Networking Questions
How does the Internet work? When I go to www.cnn.com, what happens?
- First, the browser goes to the DNS Server (DNS = Domain Name System) to find the real address (IP address) that the website is on
- The browser then sends an HTTP request to the server asking for a copy of the files that make up that website (
.html
,.css
,.js
,.png
, etc.)- this message is sent from your computer, the client, to the server across your internet connection via TCP/IP (Transmission Control Protocol/Internet Protocol)
- If the request is approved by the server, it responds with a
200 OK
message and then starts sending the website's files to the browser as a series of small chunks called "data packets" - Your browser then assembles the small chunks into a complete website and displays it to you
- Note: if you were to open the HTML file you get in a text editor, you'd get the text version of it.
- Sources:
- White Paper: How Does the Internet Work? -> great resource.
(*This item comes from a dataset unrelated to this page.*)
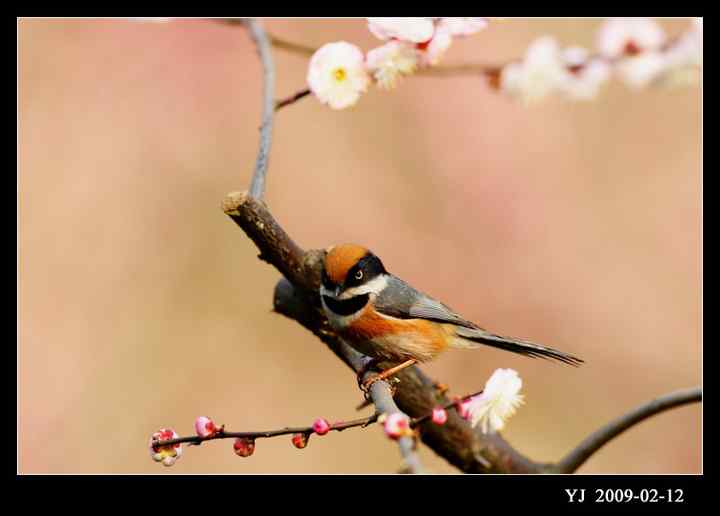 武汉观鸟会初级观鸟讲座[第9课]——小型鸟类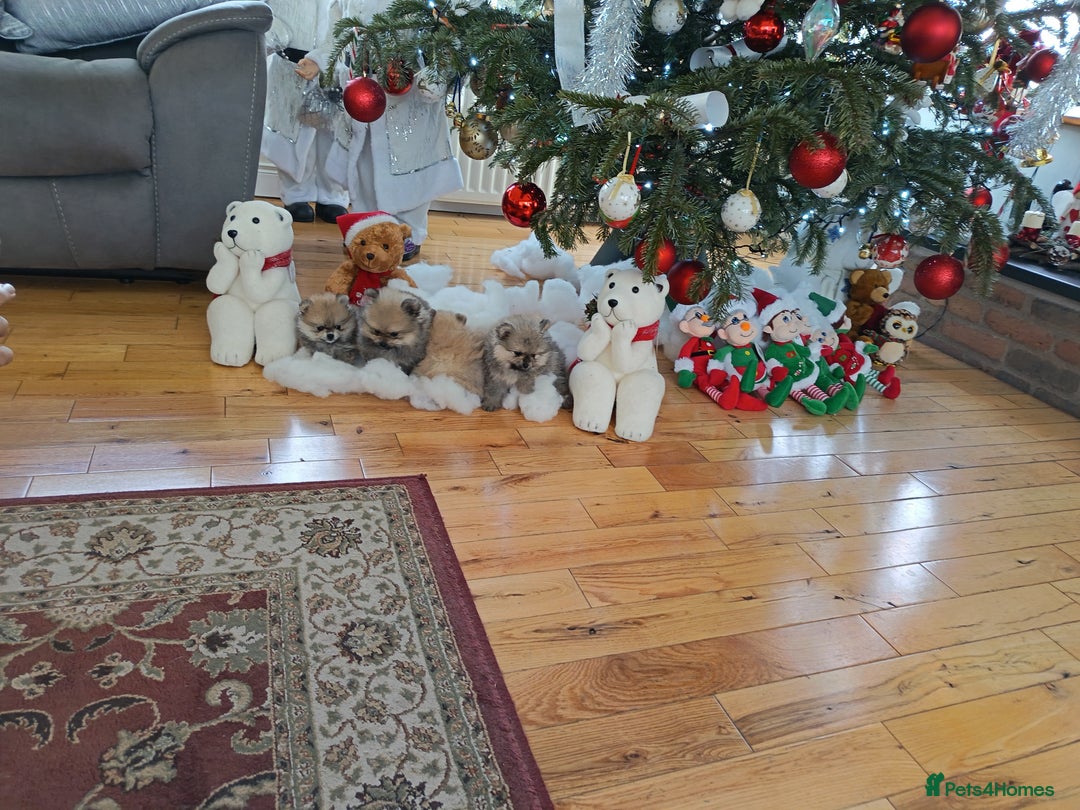 Pomeranian dogs for sale: 2 POMERANIAN PUPPIES FOR SALE - 1 girl and 1 boy - Advert 15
I should read and take notes.
What exactly happens when you browse a website in your browser?
Version #1
- Browser splits what you type (the URL) into a hostname and a path.
- Browser forms an HTTP request to ask for the data at the given hostname and path.
- Browser performs DNS lookup to resolve the hostname into an IP address.
- Browser forms a TCP/IP connection to the computer specified via the IP address. (This connection is actually formed out of many computers, each passing the data along to the next.)
- Browser sends the HTTP request down the connection to the given IP address.
- That computer receives the HTTP request from the TCP/IP connection and passes it to the web server program.
- Web server reads the hostname and path and finds or generates the data that you've asked for.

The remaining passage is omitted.